» DATA FOR PROCESSING
================

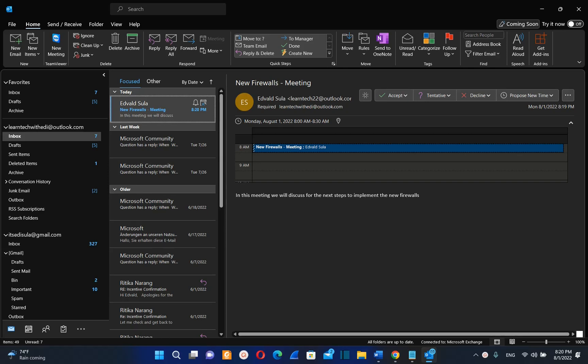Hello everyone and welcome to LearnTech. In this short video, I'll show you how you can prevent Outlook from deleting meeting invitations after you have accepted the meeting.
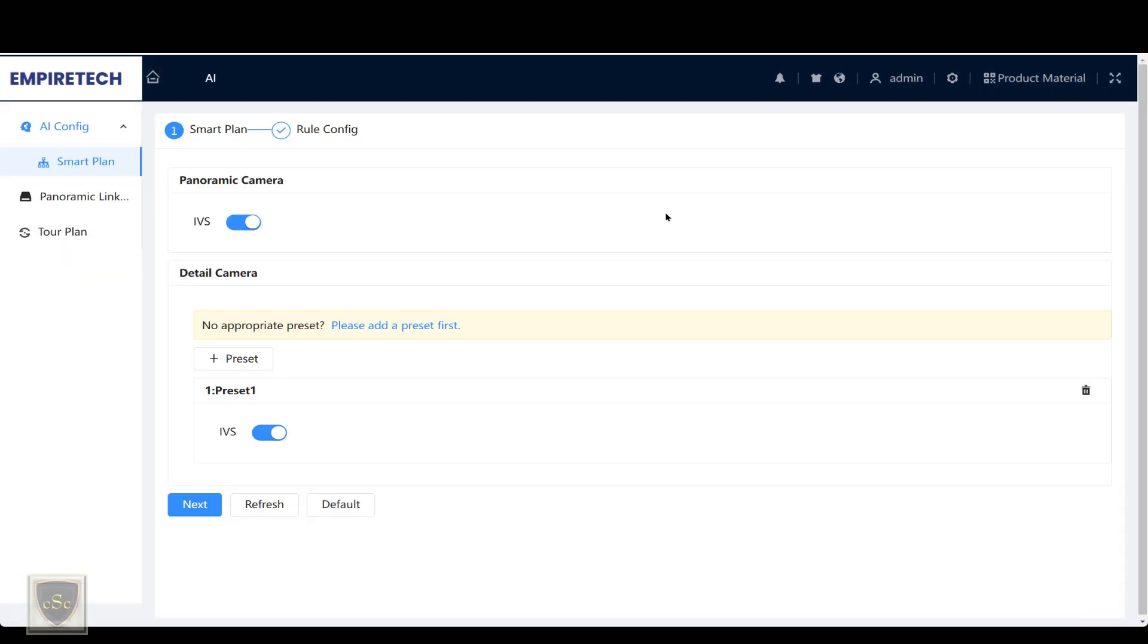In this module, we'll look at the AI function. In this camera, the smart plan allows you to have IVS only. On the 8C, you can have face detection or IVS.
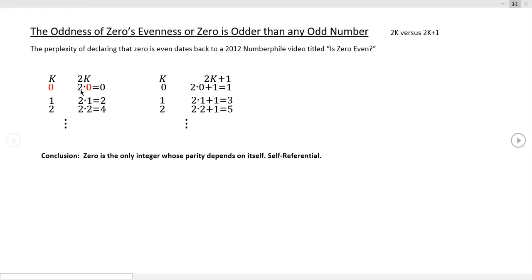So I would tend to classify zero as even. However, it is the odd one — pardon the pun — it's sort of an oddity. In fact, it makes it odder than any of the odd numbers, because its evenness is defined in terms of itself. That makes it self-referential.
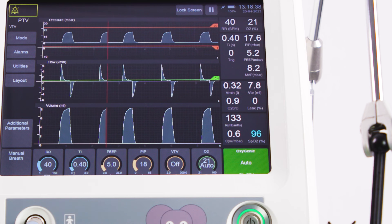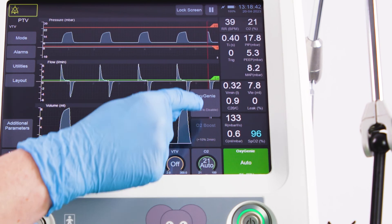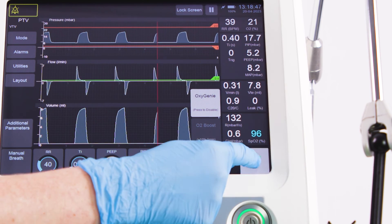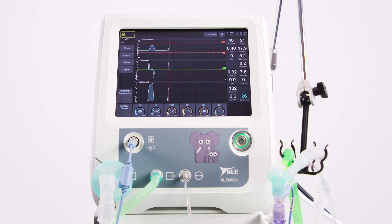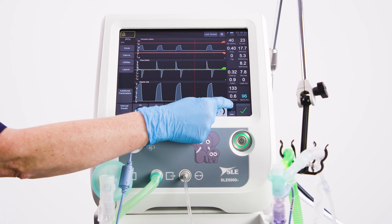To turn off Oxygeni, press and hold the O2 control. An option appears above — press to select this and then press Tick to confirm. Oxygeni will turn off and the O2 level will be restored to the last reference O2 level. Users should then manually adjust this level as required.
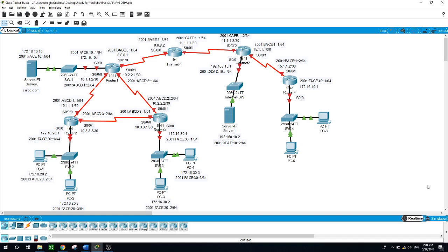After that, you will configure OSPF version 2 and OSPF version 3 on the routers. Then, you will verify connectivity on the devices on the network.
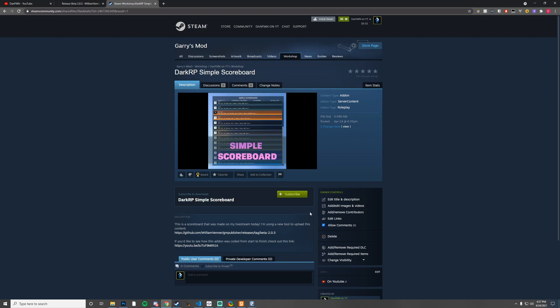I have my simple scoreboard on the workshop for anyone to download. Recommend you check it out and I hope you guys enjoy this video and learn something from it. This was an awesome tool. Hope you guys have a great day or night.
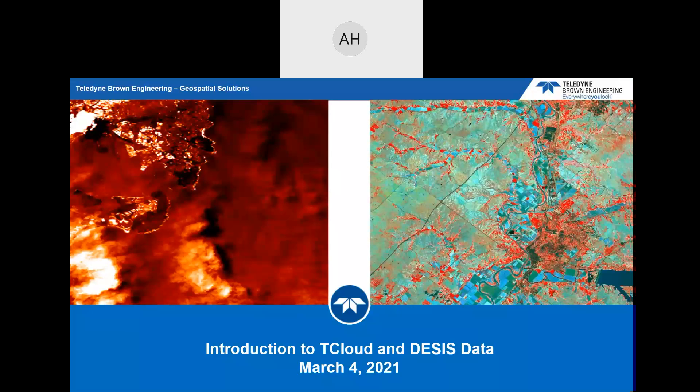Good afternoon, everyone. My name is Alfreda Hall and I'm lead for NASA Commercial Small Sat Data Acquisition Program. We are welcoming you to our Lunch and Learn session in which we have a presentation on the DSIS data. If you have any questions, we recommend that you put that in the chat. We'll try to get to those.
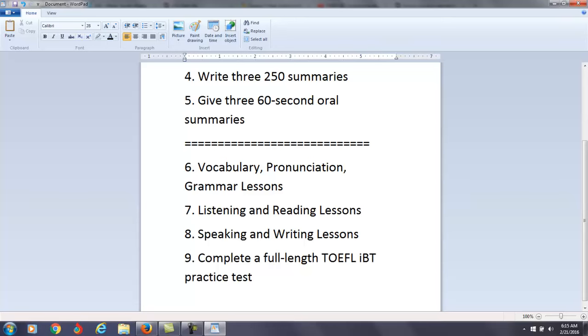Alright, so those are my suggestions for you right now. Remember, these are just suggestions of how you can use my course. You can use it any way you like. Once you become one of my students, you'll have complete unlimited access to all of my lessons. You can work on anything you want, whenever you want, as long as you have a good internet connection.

================

» WORK TO BE COMPLETED
Except for the pictures, return every line of the material exactly.

» SOLUTION TO THE PROBLEM
Hello everyone and welcome to LearnTech. In this short video, I'll show you how you can prevent Outlook from deleting meeting invitations after you have accepted the meeting.
In this module, we'll look at the AI function. In this camera, the smart plan allows you to have IVS only. On the 8C, you can have face detection or IVS.
So I would tend to classify zero as even. However, it is the odd one — pardon the pun — it's sort of an oddity. In fact, it makes it odder than any of the odd numbers, because its evenness is defined in terms of itself. That makes it self-referential.
To turn off Oxygeni, press and hold the O2 control. An option appears above — press to select this and then press Tick to confirm. Oxygeni will turn off and the O2 level will be restored to the last reference O2 level. Users should then manually adjust this level as required.
After that, you will configure OSPF version 2 and OSPF version 3 on the routers. Then, you will verify connectivity on the devices on the network.
I have my simple scoreboard on the workshop for anyone to download. Recommend you check it out and I hope you guys enjoy this video and learn something from it. This was an awesome tool. Hope you guys have a great day or night.
Good afternoon, everyone. My name is Alfreda Hall and I'm lead for NASA Commercial Small Sat Data Acquisition Program. We are welcoming you to our Lunch and Learn session in which we have a presentation on the DSIS data. If you have any questions, we recommend that you put that in the chat. We'll try to get to those.
Alright, so those are my suggestions for you right now. Remember, these are just suggestions of how you can use my course. You can use it any way you like. Once you become one of my students, you'll have complete unlimited access to all of my lessons. You can work on anything you want, whenever you want, as long as you have a good internet connection.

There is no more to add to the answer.